If there's one thing you can say for sure about North Korean leader Kim Jong-un, it's that he loves water slides. That much is made clear by just one glance at North Korea's new crazy-looking Munso water park, reportedly painstakingly overseen by the youthful dictator himself. CNN reporter Will Ripley and his crew got a rare peek inside the extravagant park recently, and brought back some striking footage — happily playing, splish-splashing North Korean families and children. It's an odd sight, to say the least, and a sharp contrast from the well-documented human rights abuses and food shortages of the North Korean state.
And that could be exactly why the water park was built in the first place. While there's no certain way to get inside the head of Kim Jong-un, North Korea has long shown a strange blend of belligerence and image-consciousness, at least as far as appearances to the outside world are concerned. There's maybe no better example of this than the awe-inspiringly intricate Arirang Festival.
On the other hand, it could just be that Kim Jong-un has a legitimate affinity for carefree theme-park environments. After all, it runs in the family — his elder brother caused major embarrassment to their father, Kim Jong-il, when he snuck into Japan to visit Tokyo Disneyland back in 2001.
In any case, it was a colossal project, especially considering the problems plaguing the country more broadly. Food shortages are regular in North Korea, and keeping your public fed normally rates as higher priority than high-octane water slides.
And it's that kind of disconnect that makes North Korea's attempt at bolstering public appearances so, well, creepy — at the same time as Kim Jong-un was assessing the Munso water park (according to Ripley's written report, he's said to have checked it out a staggering 113 times), he was also ruling over multiple, brutal concentration camps. Back in February, a UN commission on human rights in North Korea condemned the regime as being nazi-like.

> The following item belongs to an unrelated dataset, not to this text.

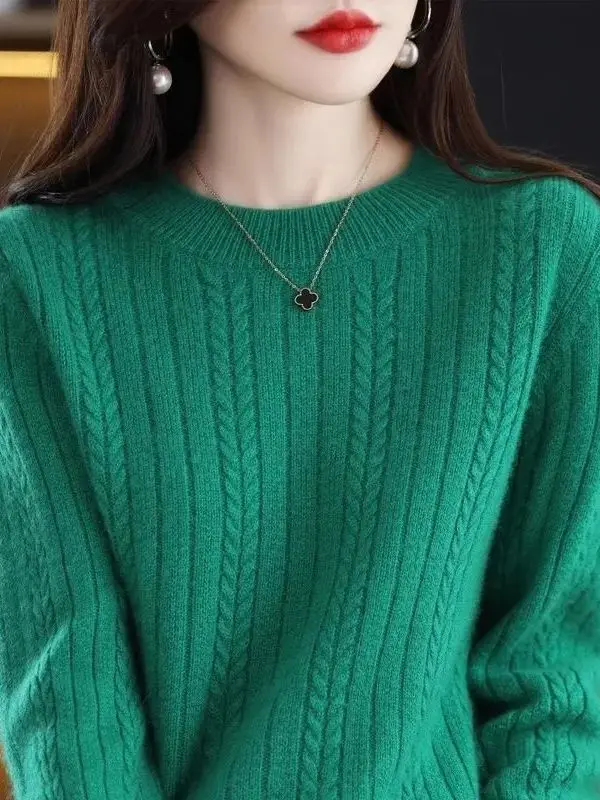 

Свободный вязаный свитер, женский осенне-зимний новый Sle, корейская версия, мягкий пушистый круглый Ne Twist Softn, моющийся топ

According to The Guardian, retired Australian judge Michael Kirby — one of the three-member panel that assembled the report — said nobody could claim they weren't aware what was going on.
Now the international community does know. There will be no excusing a failure of action because we didn't know. It's too long now. The suffering and the tears of the people of North Korea demand action.
In short, it's easy to look at some of the more absurd headlines that come out of North Korea — including some that seem simply too strange to be true, like thinly sourced reports in March that all North Korean men were being forced to get Kim Jong-un's haircut — and start thinking that it's ruled over by a humorous yet bumbling strongman.
But it's always good to keep in mind, whatever your political persuasion, the full extent of what's going on over there. The North Korean prison camp system, rampant with starvation and executions according to those lucky enough to have escaped, are believed to hold between 80,000 and 120,000 political prisoners. Those are numbers, and lives lost, that no amount of internet memes or water parks can hide — and rightly so.